La campagna per tutelare onore e incolumità delle varie razze bovine presenti nel paese è diventata letale.
Continua la carneficina legata ai bovini in India, e non quella degli animali ma degli umani che sul loro allevamento, macellazione e vendita vivono. Sono centinaia di migliaia gli individui che nell’immenso paese orientale traggono sostentamento da attività che – incluse quella della scuoiatura, conciatura e uso delle pelli – sono per lo più appannaggio di minoranze religiose (musulmani) o di indù di bassa casta o fuoricasta. Questo per la tradizionale considerazione e protezione che l’induismo accorda a un animale considerato come sacro in quanto “veicolo” di Shiva, tra le divinità principali del vasto pantheon induista, come il bufalo lo è di Yama, nume tutelare dei defunti.

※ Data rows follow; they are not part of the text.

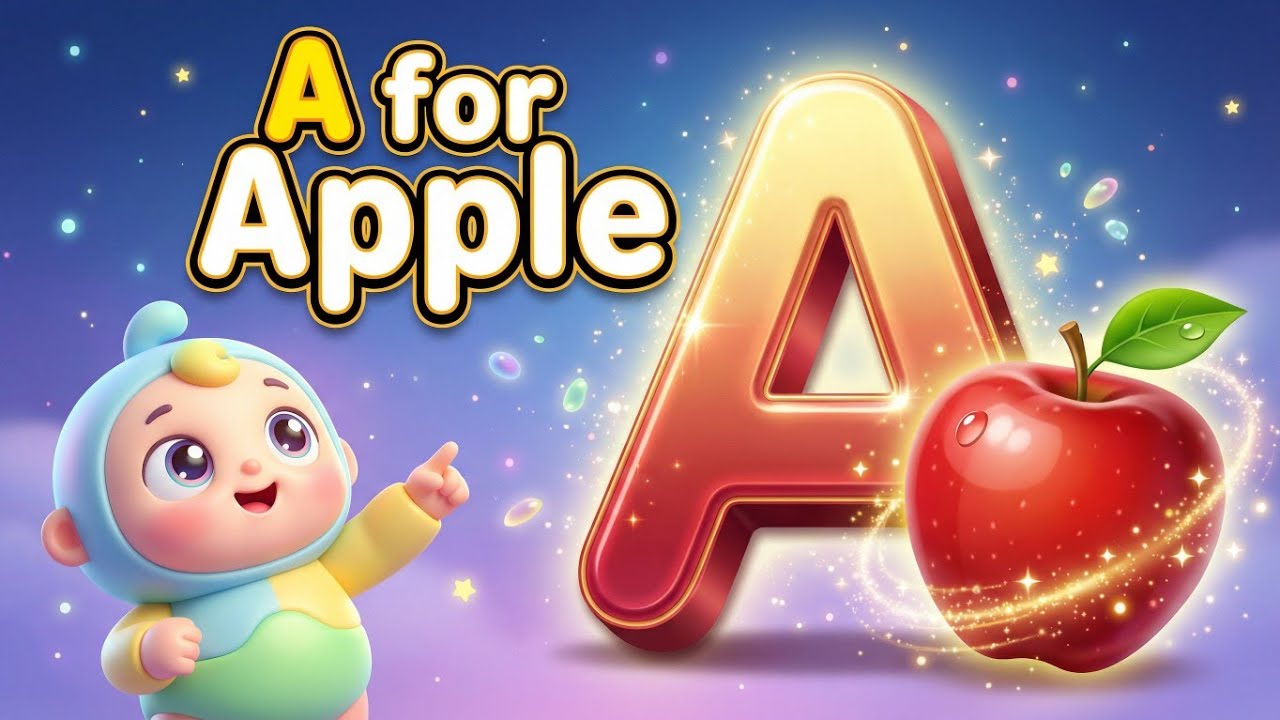 A for apple | एबीसीडी | abcd | abcd rhymes | ABCDE। अ से अनार | abcd | abcd cartoon | abcd song |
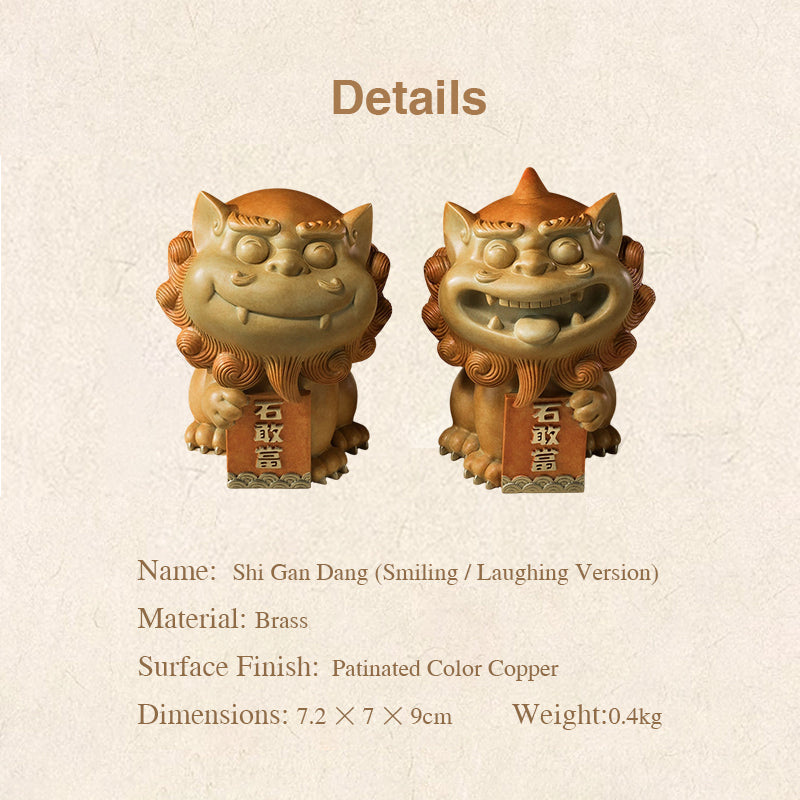 Shigandang Guardian Mini Figurine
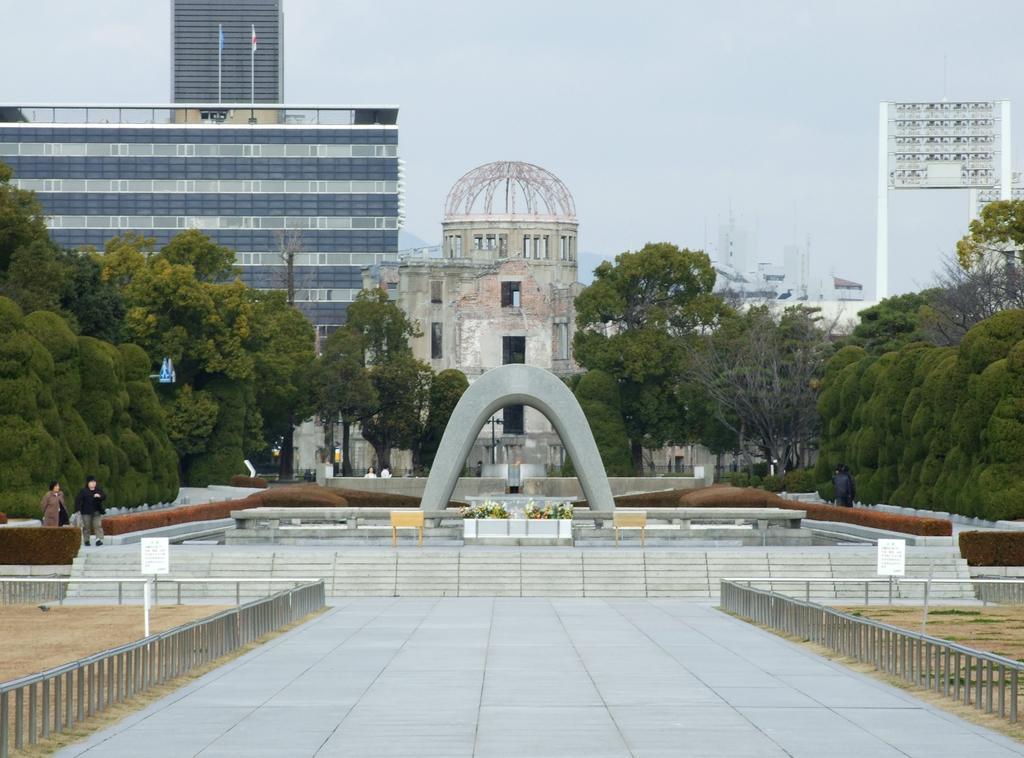 Hiroshima Tokyu Rei Hotel Dış mekan fotoğraf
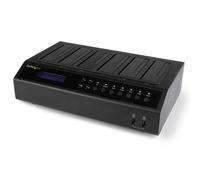 StarTech.com USB 3.0 / eSATA 6-Bay Hard Drive Duplicator Dock - 1:5 HDD / SSD Cloner and Eraser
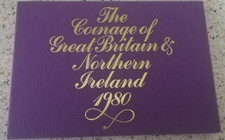 1980 UK Proof Annual Coin Set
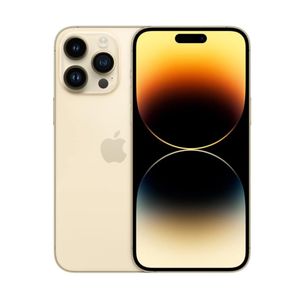 Smartphone Apple iphone 14 pro max 128gb gold reacondicionado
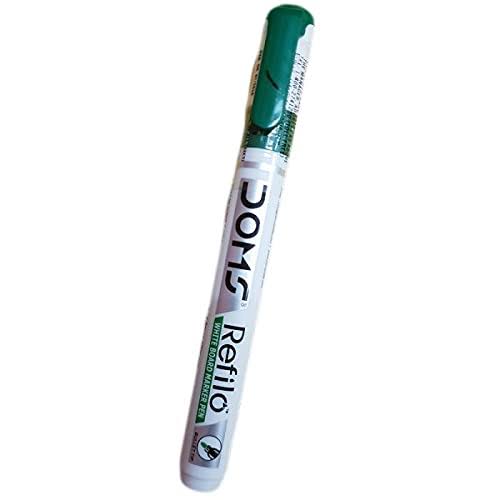 DOMS REFILO WHITEBOARD MARKER PEN GREEN 1 PCS stationery pen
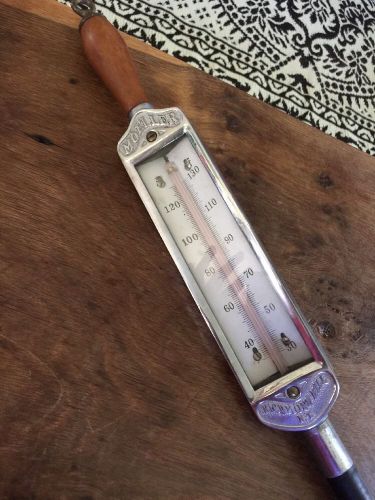 Vintage Moeller Industrial Sized Thermometer
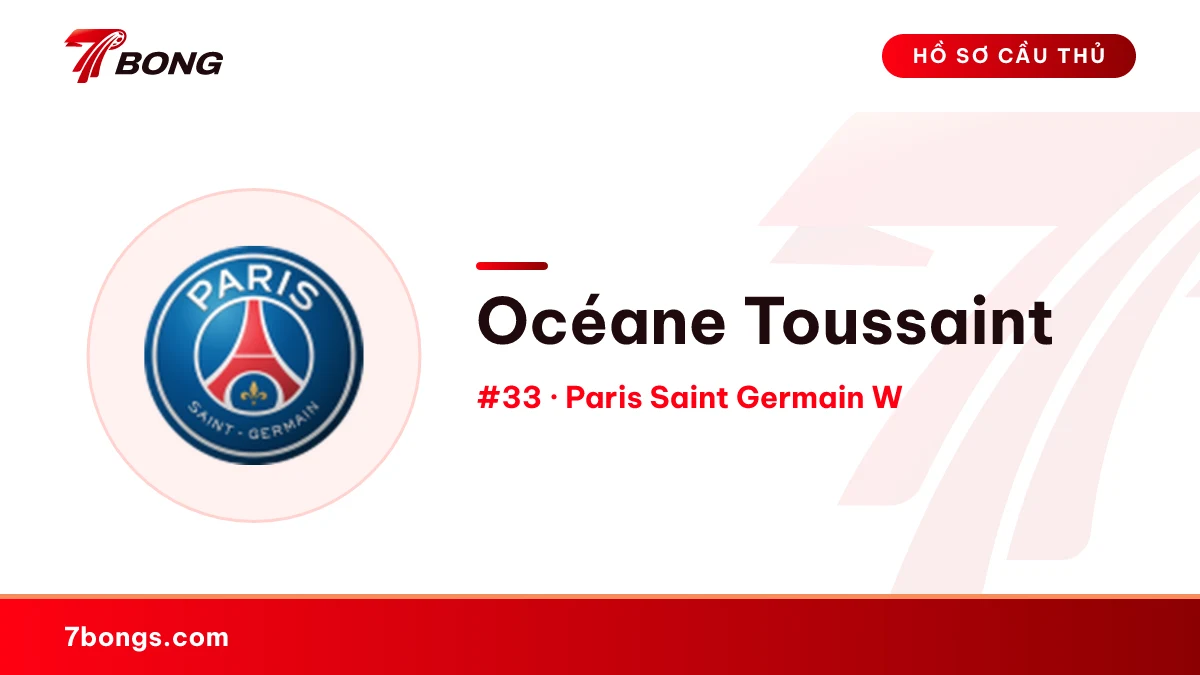 Océane Toussaint — Paris Saint Germain W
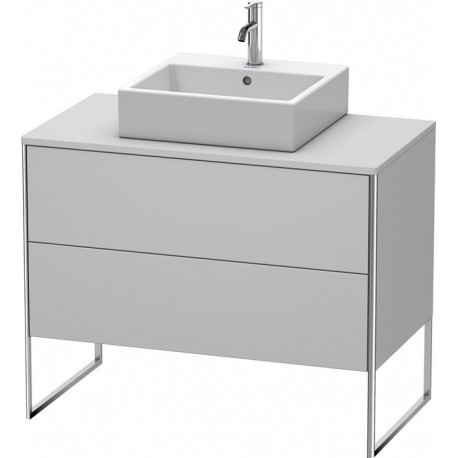 Meuble sous-vasque XSQUARE 778x1000x548mm blanc nordique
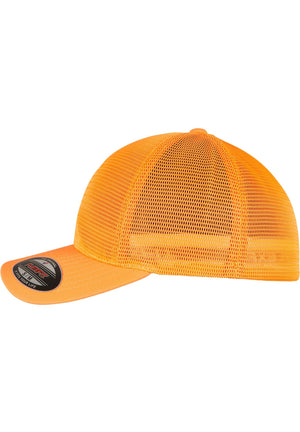 FLEXFIT 360 OMNIMESH CAP - NeonOranje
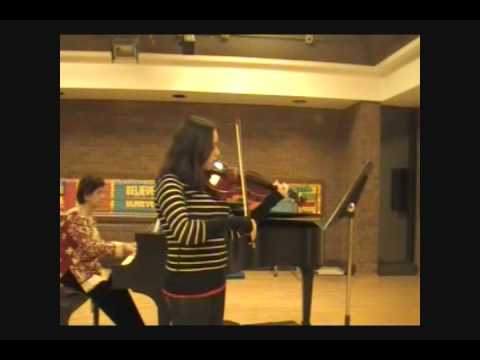 J. C. Bach/Casadesus Viola Concerto in C Minor pt (2/2)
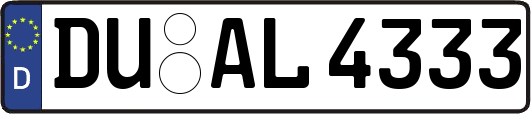 DU-AL4333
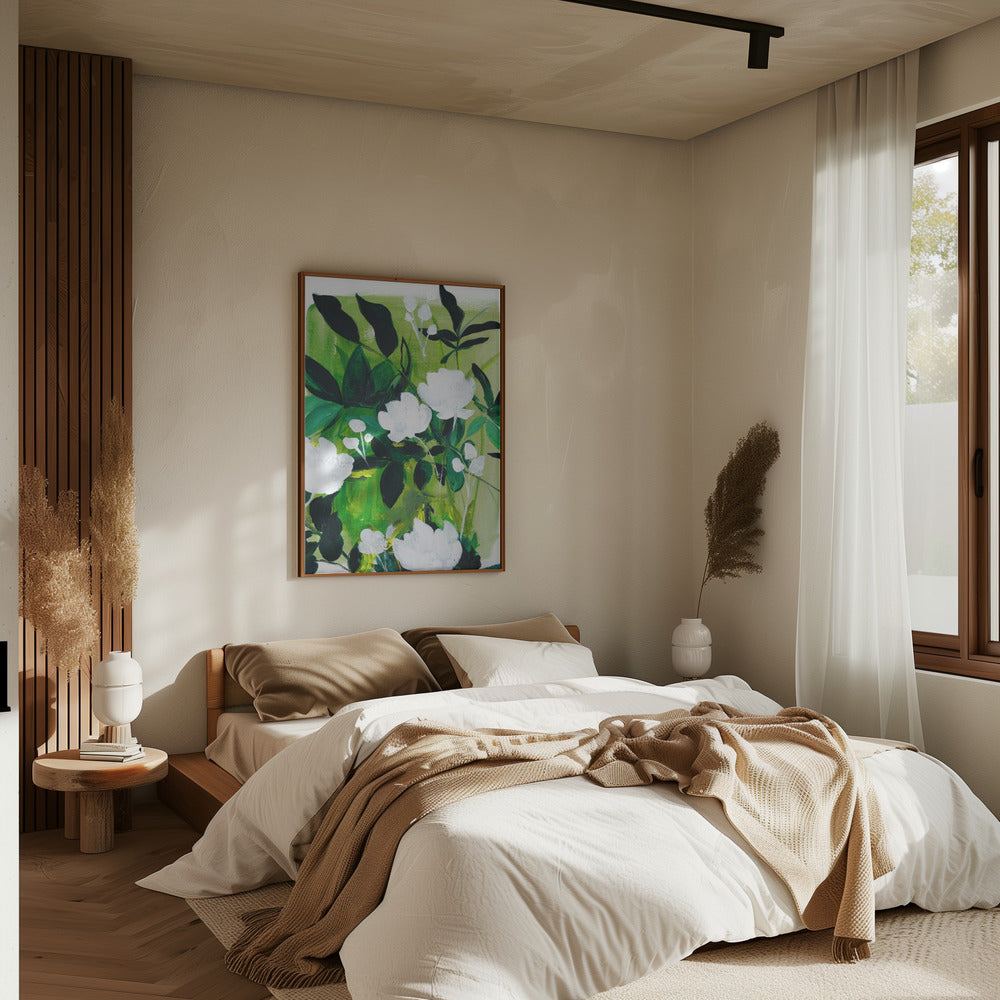 Jungle I Large - Stretched Canvas, Poster or Fine Art Print I Heart Wall Art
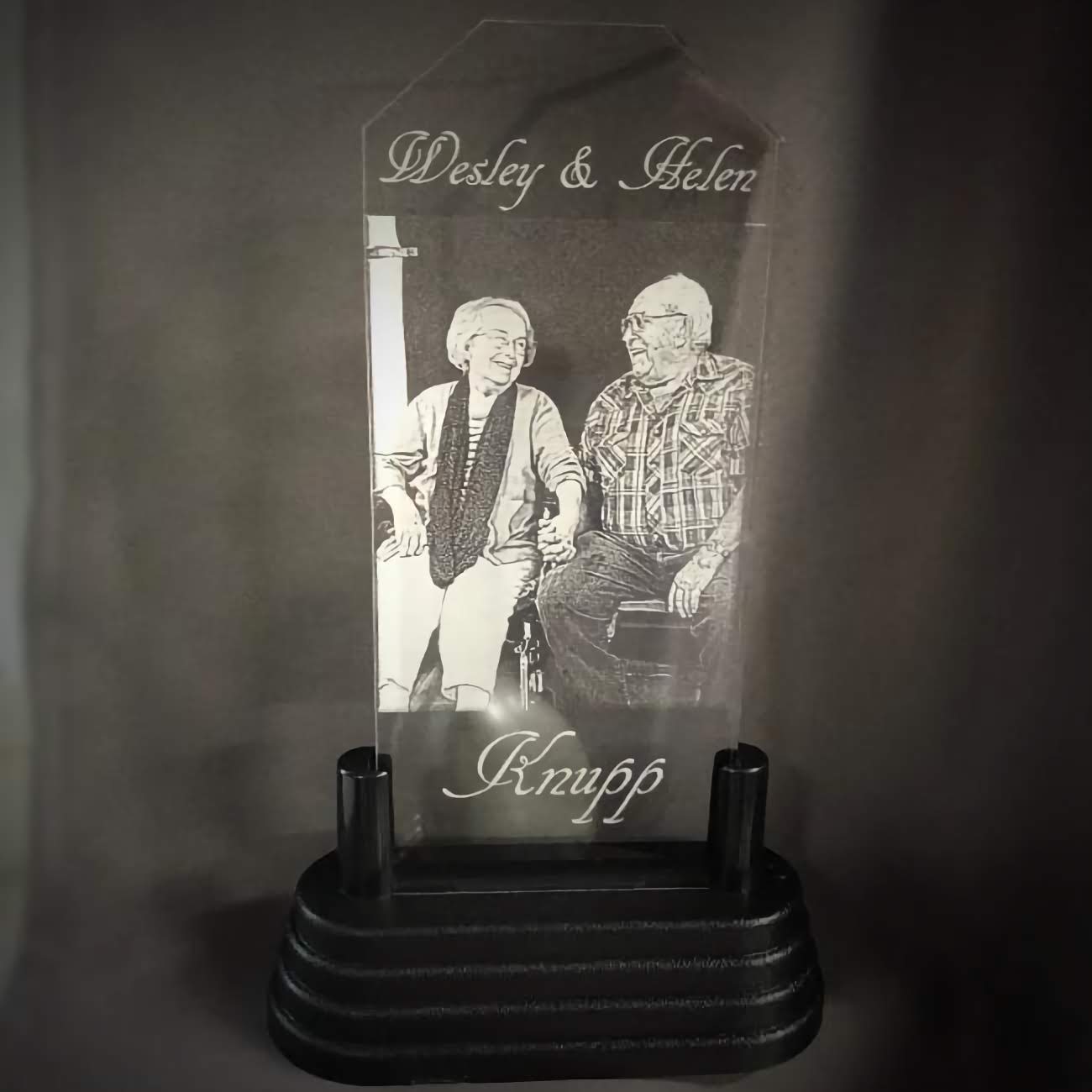 Anniversary LED Light Up Photo Gift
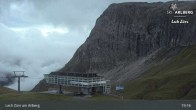 Archiv Foto Webcam Lech Zürs: Bergrestaurant Seekopf 18:00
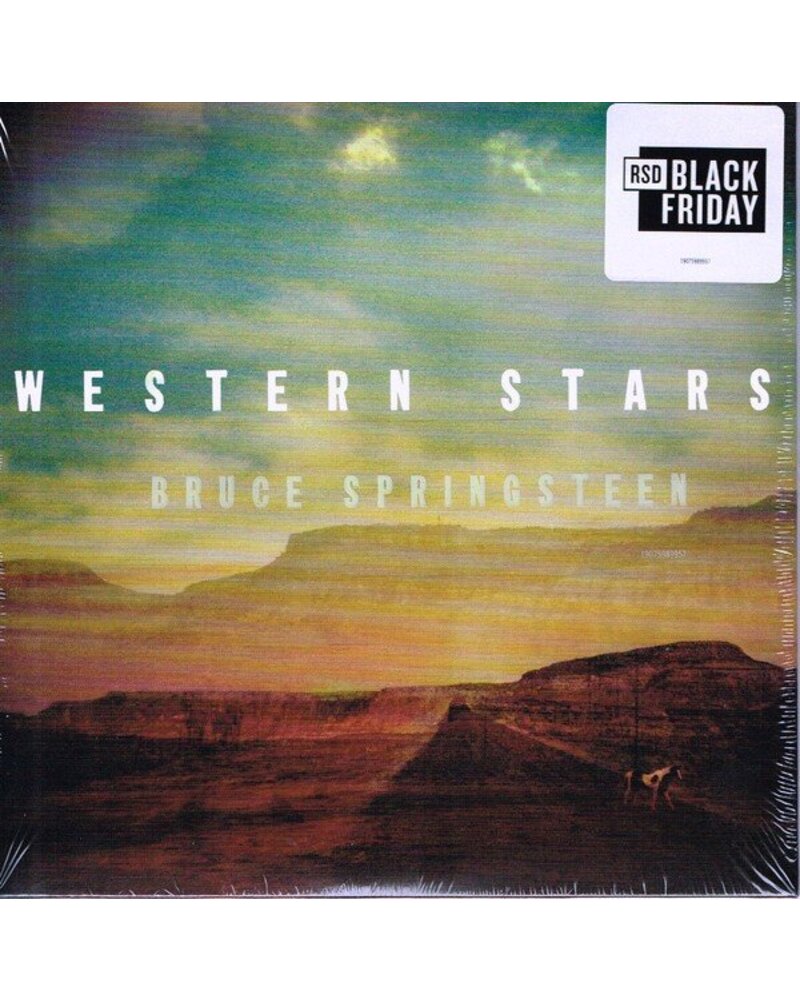 Springsteen Bruce — Western Stars BLACK FRIDAY 2019 7in — viršelis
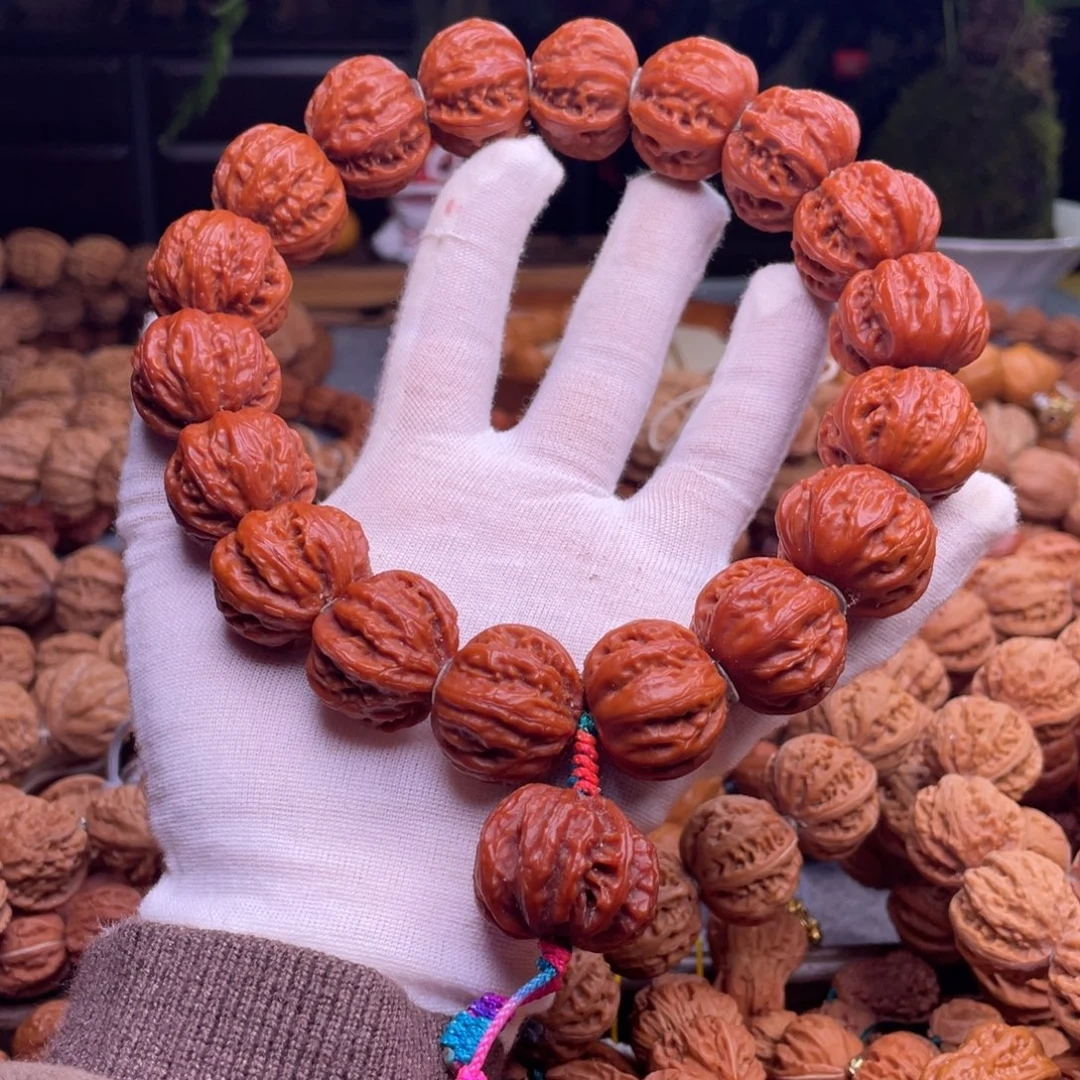 展***翔文玩核桃吊坠秋子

Di fatto, però, nella plurimillenaria storia dell’India, tolleranza e anche parziali deroghe alla prassi sono state abituali, se non in periodi in cui la questione è stata strumentalizzata per ragioni diverse da quelle religiose con le prerogative dietetiche e alimentari a esse connesse.
Come ora. Da tempo, infatti, i gruppi estremisti dell’induismo hanno lanciato una loro campagna per la difesa dei bovini, parte di una più vasta e variegata mirata a “riappropriarsi” del Paese marginalizzando tradizioni diverse nella prospettiva di una loro assimilazione o espulsione.
Non un’opera di convincimento, però, o neppure di sottile manipolazione. La campagna per tutelare onore e incolumità delle varie razze bovine presenti nel paese è diventata letale.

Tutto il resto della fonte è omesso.